# Problem 4. Independent components analysis

While studying Independent Component Analysis (ICA) in class, we made an informal argument about why Gaussian distributed sources will not work. We also mentioned that any other distribution (except Gaussian) for the sources will work for ICA, and hence used the logistic distribution instead. In this problem, we will go deeper into understanding why Gaussian distributed sources are a problem. We will also derive ICA with the Laplace distribution, and apply it to the cocktail party problem.

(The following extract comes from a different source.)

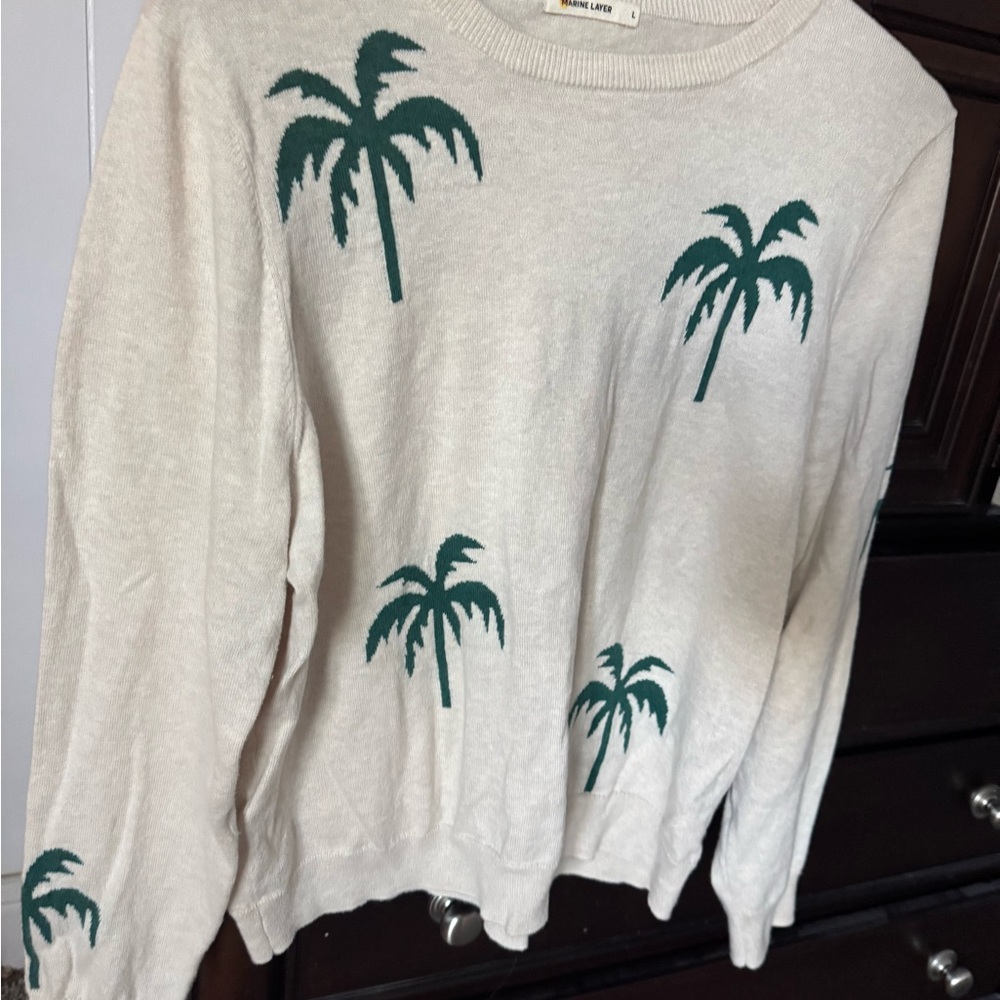 Marine Layer Cream Sweater with Green Palm Design 🌴🍹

Reintroducing notation, let $s\in\mathbb{R}^n$ be source data that is generated from $n$ independent sources. Let $x\in\mathbb{R}^n$ be observed data such that $x=As$, where $A\in\mathbb{R}^{n\times n}$ is called the mixing matrix. We assume $A$ is invertible, and $W=A^{-1}$ is called the *unmixing matrix*. So, $s=Wx$. The goal of ICA is to estimate $W$. Similar to the notes, we denote $w_j^T$ to be the $j^{th}$ row of $W$. Note that this implies that the $j^{th}$ source can be reconstructed with $w_j$ and $x$, since $s_j=w_j^tx$. We are given a training set $\{x^{(1)},\ldots,x^{(m)}\}$ for the following sub-questions. Let us denote the entire training set by the design matrix $X\in\mathbb{R}^{m\times n}$ where each example corresponds to a row in the matrix.

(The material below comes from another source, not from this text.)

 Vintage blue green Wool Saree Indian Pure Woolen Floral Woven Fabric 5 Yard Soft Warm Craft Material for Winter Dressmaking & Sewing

## (a) [5 points] Gaussian source
For this sub-question, we assume sources are distributed according to a standard normal
distribution, i.e $s_j\sim \mathcal{N}(0,1), j=1,\ldots,m$. The likelihood of our unmixing matrix, as described in the notes, is

\begin{align*}
\ell(W) = \sum_{i=1}^m\left(\log |W| + \sum_{j=1}^n\log g'(w^T_jx^{(i)})\right),
\end{align*}

where $g$ is the cumulative distribution function, and $g'$ is the probability density function of the source distribution (in this sub-question it is a standard normal distribution). Whereas in the notes we derive an update rule to train $W$ iteratively, for the cause of Gaussian distributed sources, we can analytically reason about the resulting $W$.
Try to derive a closed form expression for W in terms of $X$ when $g$ is the standard normal CDF. Deduce the relation between $W$ and $X$ in the simplest terms, and highlight the ambiguity (in terms of rotational invariance) in computing $W$.

### Answer:

Plugging 
$g'(w^T_jx^{(i)}) = \frac{1}{\sqrt{2\pi}}\exp\left(-\frac{1}{2}w^T_jx^{(i)}{x^{(i)}}^Tw_j\right)$ 
into the formula of $\ell(W)$, we obtain 

\begin{align*}
\ell(W) 
& = C + \sum_{i=1}^m\left(\log |W| + \sum_{j=1}^n   -\frac{1}{2}w^T_jx^{(i)}{x^{(i)}}^Tw_j\right)\\
& = C + m \log |W| -\frac{1}{2}\sum_{i=1}^m\sum_{j=1}^n   w^T_jx^{(i)}{x^{(i)}}^Tw_j\\
& = C + m \log |W| -\frac{1}{2}\sum_{i=1}^m   Wx^{(i)}(Wx^{(i)})^T\\
& = C + m \log |W| -\frac{1}{2}tr\left(WX(WX)^T\right)\\
& = C + m \log |W| -\frac{1}{2}tr\left(WXX^TW^T\right).
\end{align*}

Computing and setting $\nabla_W(\ell)$ to zero, we have

\begin{align*}
\nabla_W(\ell) 
& = m (W^T)^{-1} -WXX^T\\
& = 0,
\end{align*}

which implies 

\begin{align*}
W^TW = m(XX^T)^{-1}.
\end{align*}

Therefore, any $W$ maximizing $\ell$ satisfies this equality. Let $W$ be such a matrix, $R\in \mathbb{R}^{n\times n}$ an arbitrary orthonormal matrix, and set $W'= RW$. In this situation,

\begin{align*}
W'^TW'
& = W^TR^TRW\\
& = W^TW.
\end{align*}

Using the fact that $|W'|=|W|$, we obtain 
\begin{align*}
\ell(W') 
& = C + m \log |W'| -\frac{1}{2}tr\left(W'XX^TW'^T\right)\\
& = C + m \log |W| -\frac{1}{2}tr\left(W'^TW'XX^T\right)\\
& = C + m \log |W| -\frac{1}{2}tr\left(W^TWXX^T\right)\\
& = C + m \log |W| -\frac{1}{2}tr\left(WXX^TW^T\right)\\
& = \ell(W)
\end{align*}
which means that $W'$ maximizes $\ell$ as well.
Therefore, there is no way to say if $W$ should be use as unmixing matrix or $W'$.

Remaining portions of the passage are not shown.